All of the entries are to be printed exactly as they appear.

++++ DATA EXCERPTS ++++

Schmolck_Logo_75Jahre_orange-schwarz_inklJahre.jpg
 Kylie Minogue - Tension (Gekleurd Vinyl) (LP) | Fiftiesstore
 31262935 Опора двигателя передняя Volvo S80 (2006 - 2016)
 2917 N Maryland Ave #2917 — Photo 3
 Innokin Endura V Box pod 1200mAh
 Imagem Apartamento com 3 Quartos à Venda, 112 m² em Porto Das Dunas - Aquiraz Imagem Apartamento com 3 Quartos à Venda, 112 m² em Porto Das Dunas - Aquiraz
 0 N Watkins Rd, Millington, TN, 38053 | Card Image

++++

→ **FINISHED TASK**:
Schmolck_Logo_75Jahre_orange-schwarz_inklJahre.jpg
 Kylie Minogue - Tension (Gekleurd Vinyl) (LP) | Fiftiesstore
 31262935 Опора двигателя передняя Volvo S80 (2006 - 2016)
 2917 N Maryland Ave #2917 — Photo 3
 Innokin Endura V Box pod 1200mAh
 Imagem Apartamento com 3 Quartos à Venda, 112 m² em Porto Das Dunas - Aquiraz Imagem Apartamento com 3 Quartos à Venda, 112 m² em Porto Das Dunas - Aquiraz
 0 N Watkins Rd, Millington, TN, 38053 | Card Image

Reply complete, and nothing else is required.